DIRECTIONS FOR THIS TASK
When you reach the line in the data below that contains "Macro detail of", please start repeating lines exactly, and stop after the line that contains "Aerial view of", repeating nothing else.

(LISTED RECORDS Opens)

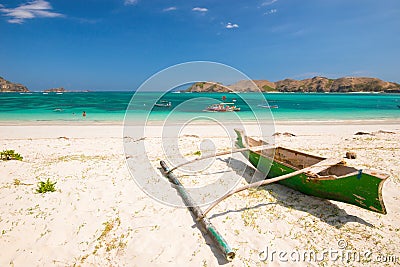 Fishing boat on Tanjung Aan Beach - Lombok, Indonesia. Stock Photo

(LISTED RECORDS Closes)
(LISTED RECORDS Opens)

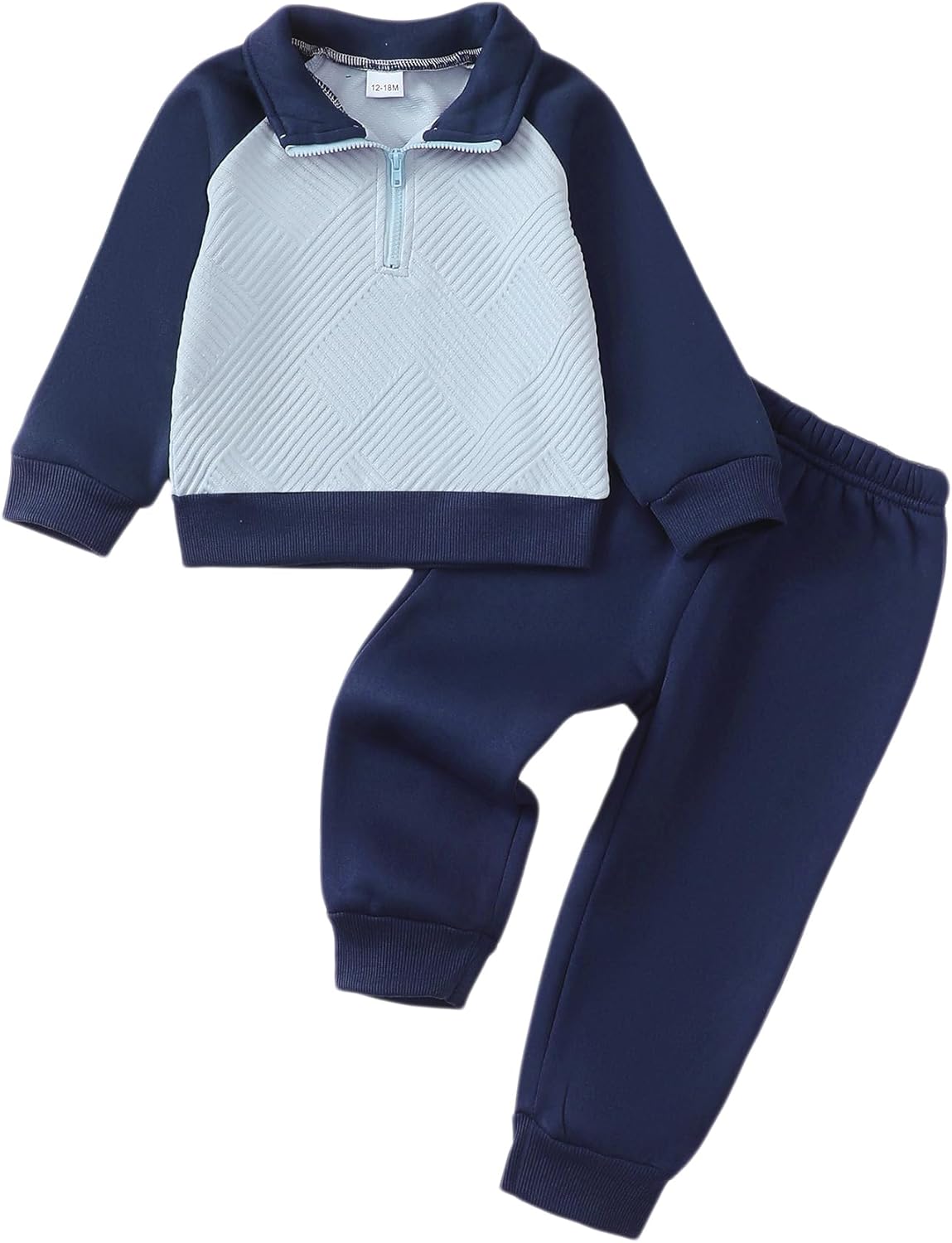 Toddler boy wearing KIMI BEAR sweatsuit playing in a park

(LISTED RECORDS Closes)
(LISTED RECORDS Opens)

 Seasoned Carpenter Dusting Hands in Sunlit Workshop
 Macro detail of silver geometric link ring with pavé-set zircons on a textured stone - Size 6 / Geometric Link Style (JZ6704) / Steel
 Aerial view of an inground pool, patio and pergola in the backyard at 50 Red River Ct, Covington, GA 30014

(LISTED RECORDS Closes)

TASK RESPONSE
 Macro detail of silver geometric link ring with pavé-set zircons on a textured stone - Size 6 / Geometric Link Style (JZ6704) / Steel
 Aerial view of an inground pool, patio and pergola in the backyard at 50 Red River Ct, Covington, GA 30014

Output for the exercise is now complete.